Given records:

= Beginning of Section =

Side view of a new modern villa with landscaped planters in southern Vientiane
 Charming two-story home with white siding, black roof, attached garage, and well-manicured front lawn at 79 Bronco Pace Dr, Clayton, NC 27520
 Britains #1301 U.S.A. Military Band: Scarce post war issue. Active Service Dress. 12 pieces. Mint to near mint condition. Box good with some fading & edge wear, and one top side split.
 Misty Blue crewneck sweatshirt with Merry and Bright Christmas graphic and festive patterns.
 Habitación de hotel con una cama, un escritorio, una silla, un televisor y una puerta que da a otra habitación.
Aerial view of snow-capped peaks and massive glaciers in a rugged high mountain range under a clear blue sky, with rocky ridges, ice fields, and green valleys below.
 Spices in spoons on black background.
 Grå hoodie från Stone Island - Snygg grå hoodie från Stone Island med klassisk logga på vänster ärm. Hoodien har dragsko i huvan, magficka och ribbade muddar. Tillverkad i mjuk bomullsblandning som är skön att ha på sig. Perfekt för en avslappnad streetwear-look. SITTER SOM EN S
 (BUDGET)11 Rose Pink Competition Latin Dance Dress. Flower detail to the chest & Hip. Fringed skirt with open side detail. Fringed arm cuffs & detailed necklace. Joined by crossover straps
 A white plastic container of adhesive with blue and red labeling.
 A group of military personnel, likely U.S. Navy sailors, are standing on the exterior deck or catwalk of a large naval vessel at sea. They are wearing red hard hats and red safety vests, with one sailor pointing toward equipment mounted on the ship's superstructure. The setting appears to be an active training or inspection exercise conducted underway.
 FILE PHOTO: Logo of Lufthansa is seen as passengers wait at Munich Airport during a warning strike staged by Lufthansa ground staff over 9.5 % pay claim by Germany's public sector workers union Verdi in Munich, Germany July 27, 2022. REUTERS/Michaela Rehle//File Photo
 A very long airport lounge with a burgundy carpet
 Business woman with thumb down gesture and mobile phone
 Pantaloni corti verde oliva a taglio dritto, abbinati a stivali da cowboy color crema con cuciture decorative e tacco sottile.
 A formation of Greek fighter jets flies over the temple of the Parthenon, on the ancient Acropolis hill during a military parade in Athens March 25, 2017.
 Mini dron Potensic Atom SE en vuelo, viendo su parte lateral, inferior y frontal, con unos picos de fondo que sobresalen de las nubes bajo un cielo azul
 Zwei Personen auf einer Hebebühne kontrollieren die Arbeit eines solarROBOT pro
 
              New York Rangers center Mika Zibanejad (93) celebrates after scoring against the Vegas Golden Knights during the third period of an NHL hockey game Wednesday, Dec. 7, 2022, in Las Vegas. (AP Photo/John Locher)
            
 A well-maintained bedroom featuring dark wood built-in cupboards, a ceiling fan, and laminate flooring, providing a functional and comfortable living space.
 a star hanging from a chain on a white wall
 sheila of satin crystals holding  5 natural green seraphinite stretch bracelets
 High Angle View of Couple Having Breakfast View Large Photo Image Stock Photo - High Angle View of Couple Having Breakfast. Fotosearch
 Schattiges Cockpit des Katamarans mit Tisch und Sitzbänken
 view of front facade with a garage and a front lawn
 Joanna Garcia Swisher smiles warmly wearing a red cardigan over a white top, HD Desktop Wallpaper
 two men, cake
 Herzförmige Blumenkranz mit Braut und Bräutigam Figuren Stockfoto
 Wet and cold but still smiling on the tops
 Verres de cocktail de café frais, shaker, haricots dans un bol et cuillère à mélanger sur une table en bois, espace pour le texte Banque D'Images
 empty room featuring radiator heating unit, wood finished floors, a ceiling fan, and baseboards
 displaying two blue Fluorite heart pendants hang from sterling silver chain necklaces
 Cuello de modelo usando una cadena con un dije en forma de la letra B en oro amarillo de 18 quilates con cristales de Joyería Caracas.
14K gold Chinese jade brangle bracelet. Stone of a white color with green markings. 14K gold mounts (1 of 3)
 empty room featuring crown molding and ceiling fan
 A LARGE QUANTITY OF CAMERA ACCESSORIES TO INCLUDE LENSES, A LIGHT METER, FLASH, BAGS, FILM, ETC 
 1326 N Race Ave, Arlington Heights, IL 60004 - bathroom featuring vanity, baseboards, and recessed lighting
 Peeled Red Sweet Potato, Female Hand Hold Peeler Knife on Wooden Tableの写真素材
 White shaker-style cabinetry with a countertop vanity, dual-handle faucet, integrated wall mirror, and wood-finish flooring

= End of Section =

Task:
Please give the number of lines in the entries above that hold "color", with no other words.

Answer to the problem:
2